Fran Kelly’s recent interview with Josh Frydenberg completely failed to challenge the Treasurer on critical issues. Alan Austin has simmered down just enough to file this report.
WHEN JOSH met Fran on Sunday’s Insiders on ABC TV, viewers were entitled to answers about Australia’s failing economy. While every other well-managed economy is advancing, Australia is lagging further and further behind. On top of this, Westpac Bank has just been accused by Australia’s financial intelligence agency of horrific crimes on a massive scale.
Corporate crime and punishment
The program started promisingly enough with a clip from former ACCC chairman, Alan Fels, calling for urgent law reform following the revelations about Westpac’s breaches of money laundering laws:
“They need to look at making some of this behaviour criminal, and even the possibility of gaol sentences ... A bank can afford to pay out five, even ten, billion. It will hurt them, hurt them a lot. But the criminal thing and the action against individuals, that really bites.”
Kelly followed that opening clip with a gentle softball lob to Treasurer Josh Frydenberg:
“The Prime Minister has said the Westpac board has to be accountable for breaches. What does accountability look like?”
Frydenberg agreed these were “serious issues” and there must be accountability. But, no, there would be no gaol for the criminals or any other sanction which might actually deter, let alone punish. Not under this Government.
He declined even to support sacking the offenders:
“Decisions about who are on boards are matters for shareholders, and who are on executive teams are matters for boards.”
The economy
Kelly demonstrated, not for the first time, that the ABC will not challenge the Coalition’s fiscal falsehoods.

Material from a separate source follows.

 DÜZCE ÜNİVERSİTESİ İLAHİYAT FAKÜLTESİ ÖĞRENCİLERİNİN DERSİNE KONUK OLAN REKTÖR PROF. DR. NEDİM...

In response to her first question, Frydenberg said:
When we came to government, unemployment was 5.7%. Today it’s 5.3%. We have a record number of Australians in jobs. We have just produced the first current account surplus since 1975 ... the budget is back in balance, already delivered, for the first time in 11 years. And we’re going to deliver a surplus. That means paying down Labor’s debt. Right now we have an interest bill of around $19 billion a year ...
So what we need to do is build the resilience of the Australian economy and face those domestic and global economic headwinds that all countries are facing, particularly the trade tensions.

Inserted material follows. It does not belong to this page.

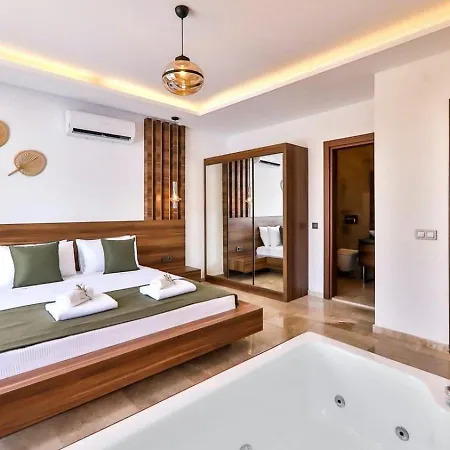 Villa 2 Bedroom Luxury 5 Minutes Drive To The Town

More than six hypocrisies and falsehoods were embedded in that brief spiel. Kelly challenged none of them.
Jobless rate
Yes, unemployment was 5.7% in 2013. But that was near the end of a global recession. That ranked eighth in the Organisation for Economic Cooperation and Development (OECD). Today it is 5.3% which ranks 21st, as we saw here last week. Australia’s performance on job creation is now the lowest it has ever been relative to the rest of the world.
Budget back in balance
No, it isn’t. Data from the Finance Department last Friday shows the deficit at the end of October was $14.7 billion. It projects a surplus next June. Seven months away.
Federal government debt
Labor left modest gross debt of just $271.7 billion. The Coalition not only doubled that in a shorter time but has doubled all debt incurred by all governments since 1854. The increase since the Coalition came to office has been the second-worst in the OECD, after only Chile.
Interest bill
Yes, interest on the debt is high and is diverted from urgent needs. But more than half of this is due to the Coalition stacking on debt over the last six years while most well-managed economies have reduced theirs.
Global economic headwinds
There are no global headwinds. The world is in a strong upswing in jobs, economic growth, wages, corporate profits and government revenue.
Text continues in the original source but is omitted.